Minerva was built in the Americas in 1791 and taken in prize from the Spanish. She made six voyages from London as a slave ship in the triangular trade in enslaved people. She is last listed in 1813 but with data stale since her last voyage transporting enslaved people in 1807.

==Career==
Minerva first appeared in Lloyd's Register (LR) in 1799 with Cowley, master, Calvert & Co., owners, and trade London–Africa. She was almost rebuilt in 1799 as well.

1st voyage transporting enslaved people (1799–1801): Captain Richard Coley sailed from London on 28 July 1799. In 1799, 156 vessels sailed from English ports, bound for Africa to acquire and transport enslaved people; 17 of these vessels sailed from London.

Minerva acquired captives at Cape Coast Castle and arrived at Demerara on 12 August 1800. There she landed 359 captives. She arrived back at London on 18 January 1801. On 6 January Lloyd's List reported that Minerva, Cooley, master, had parted from her anchors at pithead and put into Portsmouth. She was on her way from Berbice to London.

2nd voyage transporting enslaved people (1801–1802): Captain Coley sailed from London on 4 August 1801. In 1801, 147 vessels sailed from English ports, bound for Africa to acquire and transport enslaved people; 23 of these vessels sailed from London.

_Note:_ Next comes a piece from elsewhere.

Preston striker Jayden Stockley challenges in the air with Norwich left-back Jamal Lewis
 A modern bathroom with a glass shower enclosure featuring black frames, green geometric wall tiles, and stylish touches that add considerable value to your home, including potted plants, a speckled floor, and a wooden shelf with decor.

Minerva started acquiring captives on 18 November. She acquired captives at Cape Coast Castle and arrived with them at Havana on 1 May 1802. She landed 248 captives. She returned to London on 22 August.

3rd voyage transporting enslaved people (1802–1804): Captain Coley sailed from London on 23 November 1802. In 1802, 155 vessels sailed from English ports, bound for Africa to acquire and transport enslaved people; 30 of these vessels sailed from London.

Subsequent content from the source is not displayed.